Transcribe exactly, and without pictures, only the lines from the one bearing "this 1200×800 image." through the final line of the data below.

## RECORDED INFORMATION
---+---

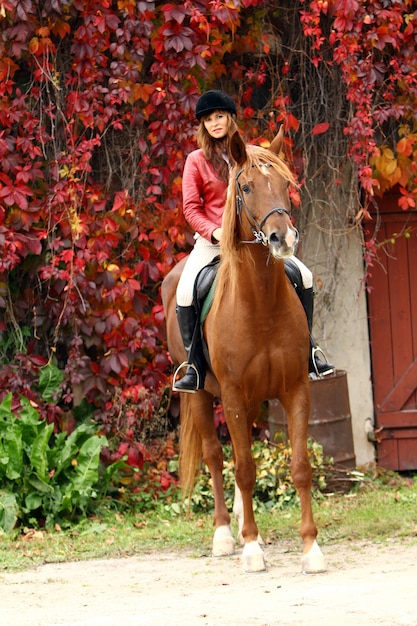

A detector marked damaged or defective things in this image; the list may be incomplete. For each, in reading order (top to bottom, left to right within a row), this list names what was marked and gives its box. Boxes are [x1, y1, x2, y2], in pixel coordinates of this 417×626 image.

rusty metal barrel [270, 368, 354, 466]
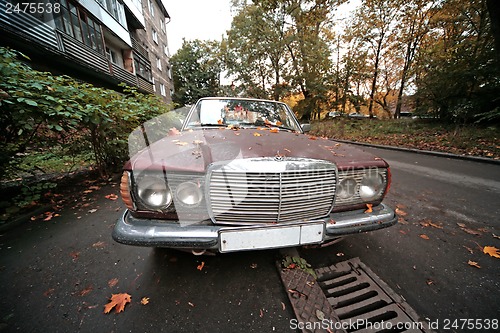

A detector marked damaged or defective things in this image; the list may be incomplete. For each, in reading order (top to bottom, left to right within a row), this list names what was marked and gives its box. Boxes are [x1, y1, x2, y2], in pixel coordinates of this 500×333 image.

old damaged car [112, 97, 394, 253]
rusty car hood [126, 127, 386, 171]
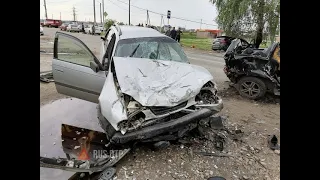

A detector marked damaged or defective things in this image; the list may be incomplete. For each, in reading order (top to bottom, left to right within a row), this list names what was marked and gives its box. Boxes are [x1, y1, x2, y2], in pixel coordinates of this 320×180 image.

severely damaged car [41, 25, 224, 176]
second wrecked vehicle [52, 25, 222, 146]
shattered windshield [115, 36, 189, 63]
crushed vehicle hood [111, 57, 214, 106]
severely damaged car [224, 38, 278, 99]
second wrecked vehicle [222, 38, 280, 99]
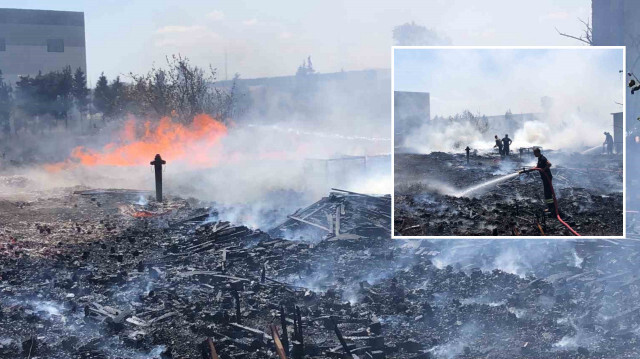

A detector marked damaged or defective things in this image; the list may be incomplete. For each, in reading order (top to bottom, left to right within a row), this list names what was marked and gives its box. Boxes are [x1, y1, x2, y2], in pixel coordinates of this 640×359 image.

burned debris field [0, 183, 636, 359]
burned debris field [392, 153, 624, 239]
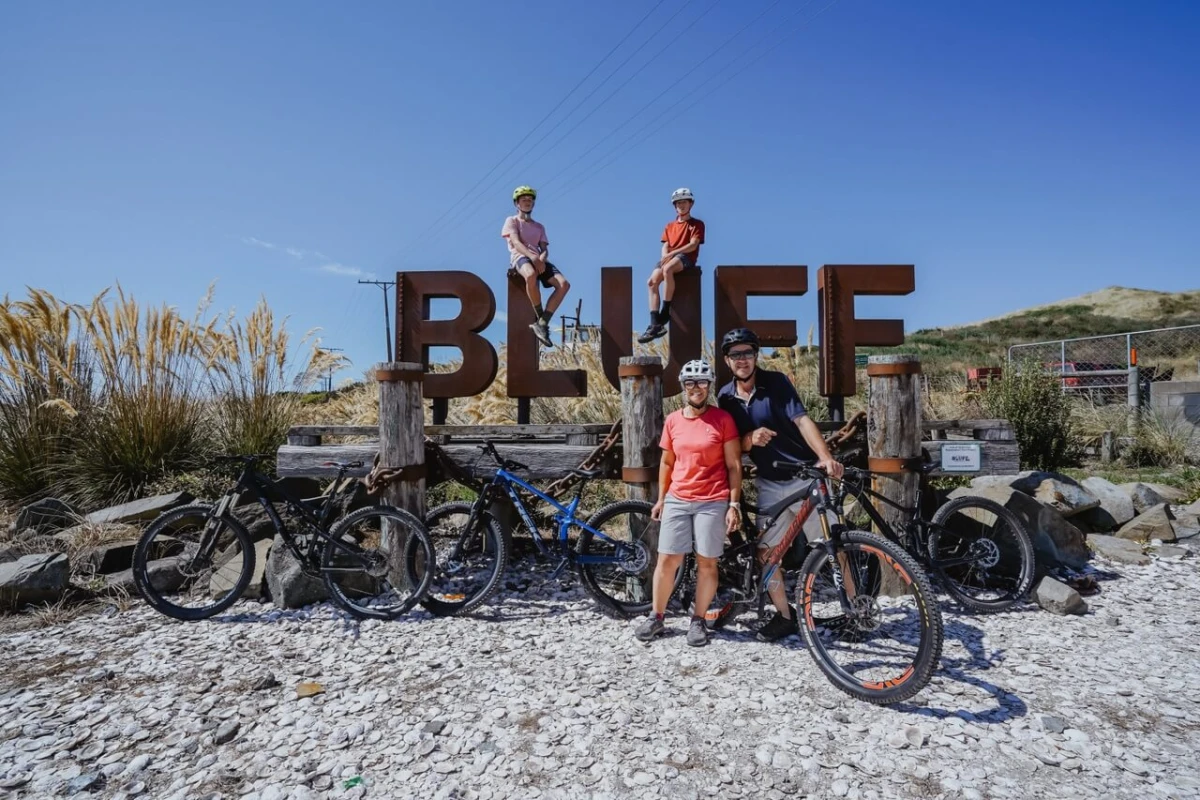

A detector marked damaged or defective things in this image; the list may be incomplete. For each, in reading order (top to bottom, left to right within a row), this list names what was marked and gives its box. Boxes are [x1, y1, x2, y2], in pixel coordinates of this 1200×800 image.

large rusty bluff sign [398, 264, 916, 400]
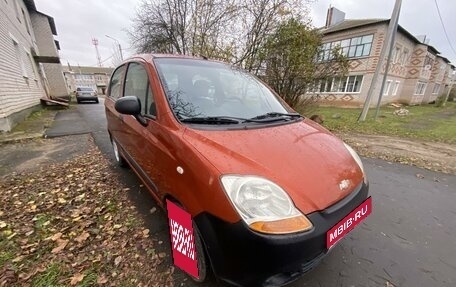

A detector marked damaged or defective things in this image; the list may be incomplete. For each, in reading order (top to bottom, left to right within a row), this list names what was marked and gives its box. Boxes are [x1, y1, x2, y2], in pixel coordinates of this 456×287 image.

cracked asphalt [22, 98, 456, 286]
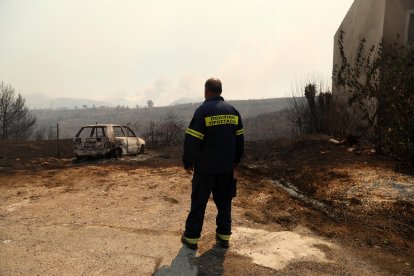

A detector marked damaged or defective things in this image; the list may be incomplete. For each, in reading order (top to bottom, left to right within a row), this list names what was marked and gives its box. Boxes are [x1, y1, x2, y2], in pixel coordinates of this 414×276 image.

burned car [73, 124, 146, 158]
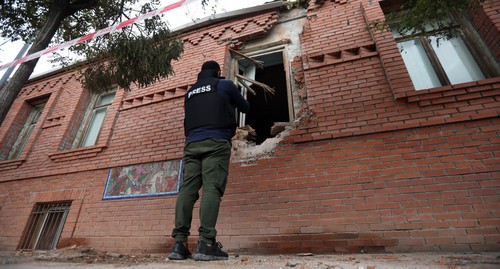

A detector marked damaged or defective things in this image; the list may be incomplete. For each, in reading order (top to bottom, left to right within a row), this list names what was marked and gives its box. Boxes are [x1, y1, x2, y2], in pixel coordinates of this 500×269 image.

---+---

## ANSWER FOR THE TASK
A detector marked damaged or defective things in this image; the list may be incomplete. For each, in reading order (top to bottom, left to right within a row), this list names what was marked and gives its box. Boxes are [x1, y1, x2, y2], in pixel coordinates of this 1200×800 image.

large rusty bluff sign [398, 264, 916, 400]

A detector marked damaged or defective things in this image; the list may be incomplete. For each, in reading order (top to bottom, left to right within a row), this list names what was marked and gives its box. Boxes are [x1, y1, x2, y2], in pixel coordinates of this 456×287 image.

cracked asphalt [22, 98, 456, 286]

A detector marked damaged or defective things in this image; the list may be incomplete. For each, in reading order (top to bottom, left to right within a row), this list names what was marked and gives its box. Boxes are [x1, y1, x2, y2], in pixel coordinates of this 414×276 image.

burned car [73, 124, 146, 158]

A detector marked damaged or defective things in this image; the list may be incomplete. For each, in reading order (top to bottom, left to right within a row), this list names what was marked and gives its box. Boxes are [x1, y1, x2, y2], in pixel coordinates of this 500×269 image.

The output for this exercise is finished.